Surf Caster Bill Dillon, who runs a fisherman's motel at the water's edge in Buxton, N.C., remembers the dog that came wagging up to this frenetic conga line at the height of a run. Within seconds, the dog had a No. 4 hook in his ear. Down the beach ran the dog, barking bloody murder, with ex-Marine Dillon in pursuit. The rod bent into a perfect parabola, and the fisherman reeled frantically, the trace of a mad smile at the corners of his mouth. One hundred yards down the beach, Dillon tackled the dog, and removed the lure. Nowadays the question is still debated in Buxton: Should the fisherman have tightened down on his drag, or should he have given the dog free spool and played him a little? It is an intriguing angling question, but one which, alas, will never be answered; the dog has not returned to the beach.

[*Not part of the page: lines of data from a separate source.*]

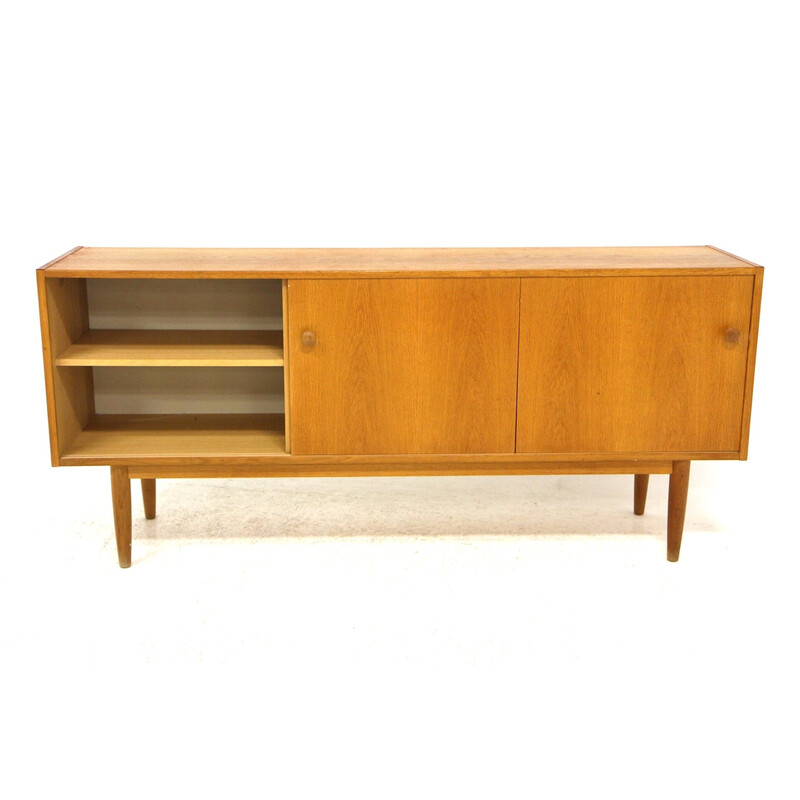 Vintage oakwood sideboard with sliding doors, Sweden 1960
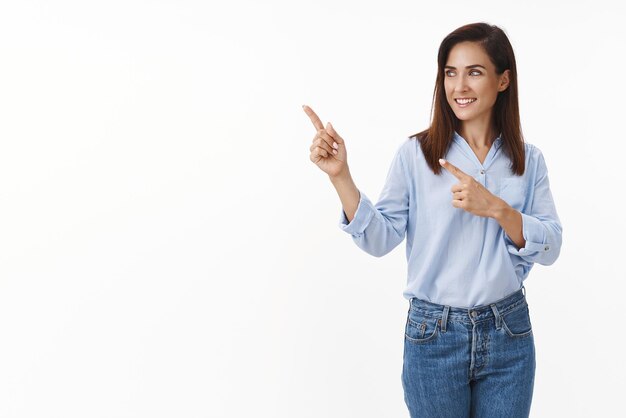 Business feminism confidence concept Motivated goodlooking stylish female entrepreneur introduce chart pointing sideways left copyspace turn aside smiling pleased show promo white background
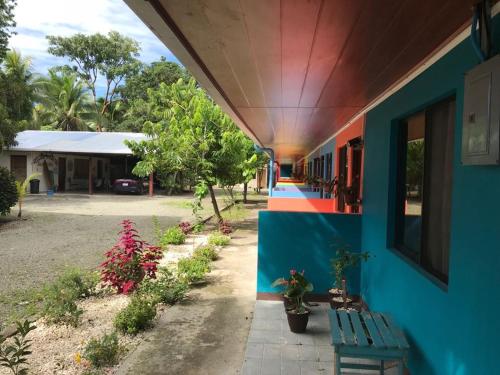 a colorful building with a bench and plants on it at Cabinas Surf Side in Cahuita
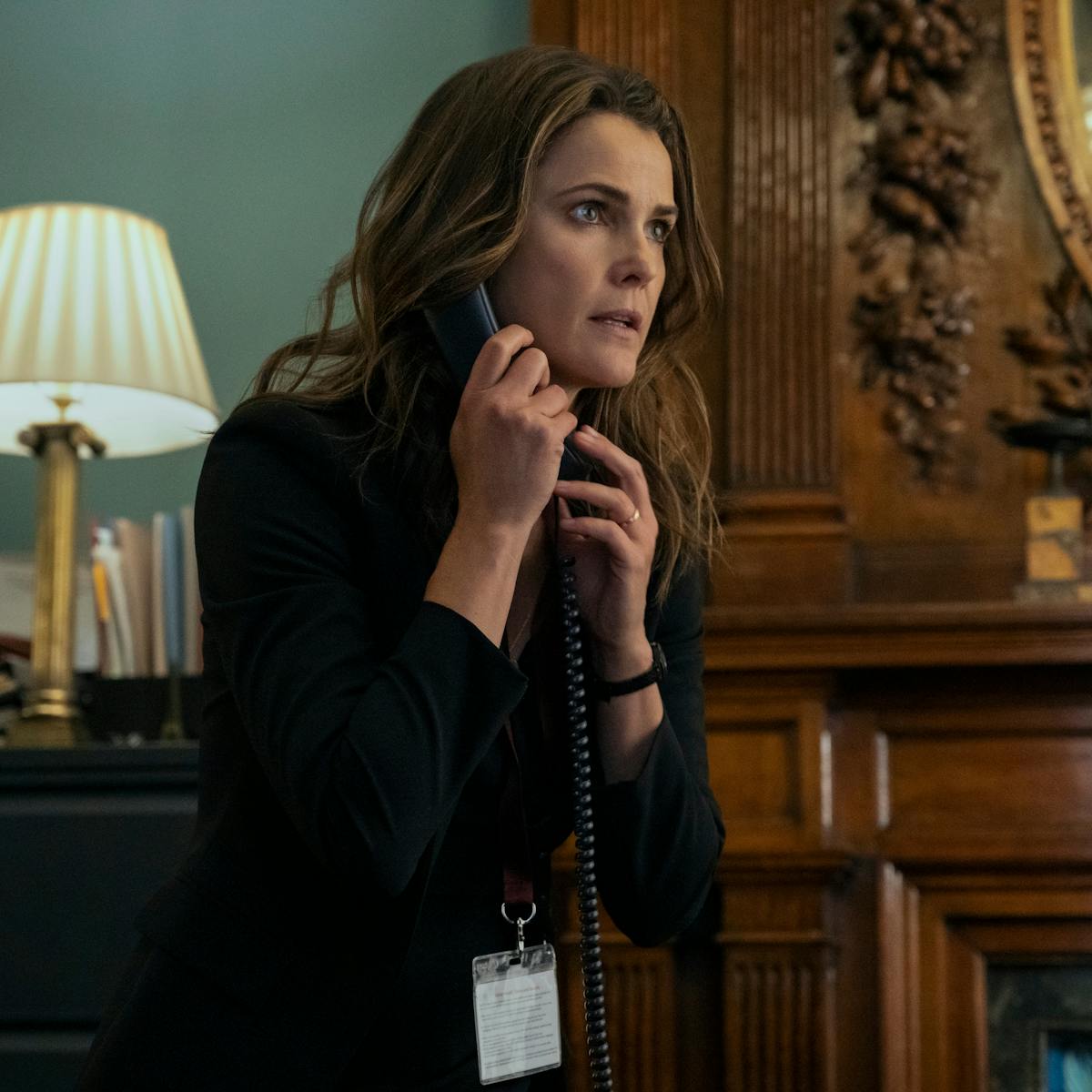 Kate Wyler (Keri Russell) wears all black and talks on the phone.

Surf casters come from miles around, sometimes materializing out of nowhere, at the first signs of fish in the surf. Try this experiment. Go to the loneliest, most remote beach you can find, and begin casting. Suddenly you will feel the eyes—looking through sand grass, peering from the tiny beach shacks. Get a fish on, and the owners of the eyes will come barreling down the beach like a troop of Indians, shouting and zinging their lures through the air while they are still 50 yards from the water.
A man who makes outdoor movies brought three dead striped bass to Shinnecock, Long Island for a surf-fishing picture. With the aid of a skin-diver yanking and pulling at them from below, the dead bass were made to look like fighting stripers in the surf. None of this dismayed the avalanche of surf casters who rushed to the scene. They saw: a) a fisherman with a bent rod; and b) a striped bass fighting in the surf. Says the moviemaker: "It didn't do a bit of good to explain. I said, 'Look they're dead!' I said, 'Can't you see the skin-diver out there?' I said, 'This is all a fake!' And all those guys did was ask me who I was kidding. I swear, as soon as I moved a footstep, there would be one of those nuts standing in my old footprint, casting."

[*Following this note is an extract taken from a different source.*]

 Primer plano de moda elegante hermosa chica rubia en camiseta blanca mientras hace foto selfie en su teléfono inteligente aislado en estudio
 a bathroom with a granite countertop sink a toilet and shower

Off Cape Cod, a fisherman who will here be identified as Dick Dementia was skulking along the beaches looking for fish. On the end of his line was a rigged eel, an efficient lure for bass. Dick Dementia saw a fisherman hook a bass; he ran to the shore and flung his bait seaward. One of the hooks caught in the lip of the fisherman, leaving the poor man bloodied and eel-draped. Dementia, a gentleman, rushed the victim to a doctor, who removed the hook and took several stitches. After the operation Dementia asked the suffering fisherman: "Did you save my eel?" The victim handed over the bloody bait, and these two typical surf fishermen went back to the beach together.
It is not absolutely necessary to be so maniacal about surf casting. There are, here and there, fishermen who simply look for signs of feeding fish in the surf, and, if they see nothing, return home. In the shadow of the Hatteras Lighthouse, local fishermen sit on the dunes for days at a time. There is a man in New York City who sets his alarm clock for the morning tide, piles into his car wearing slippers and a robe, and drives up and down the Rockaways looking for signs of feeding fish. This wraith may be seen, like Hamlet's ghost, almost any night. If he spots action he slips into waders and casting shirt, and races down to the sea. Expert surf fishermen spend far more time looking for signs of fish—circling gulls, phosphorescent spurts of moving fish in the waves, schools of bait fish which will attract big prey—than they do in the actual fishing.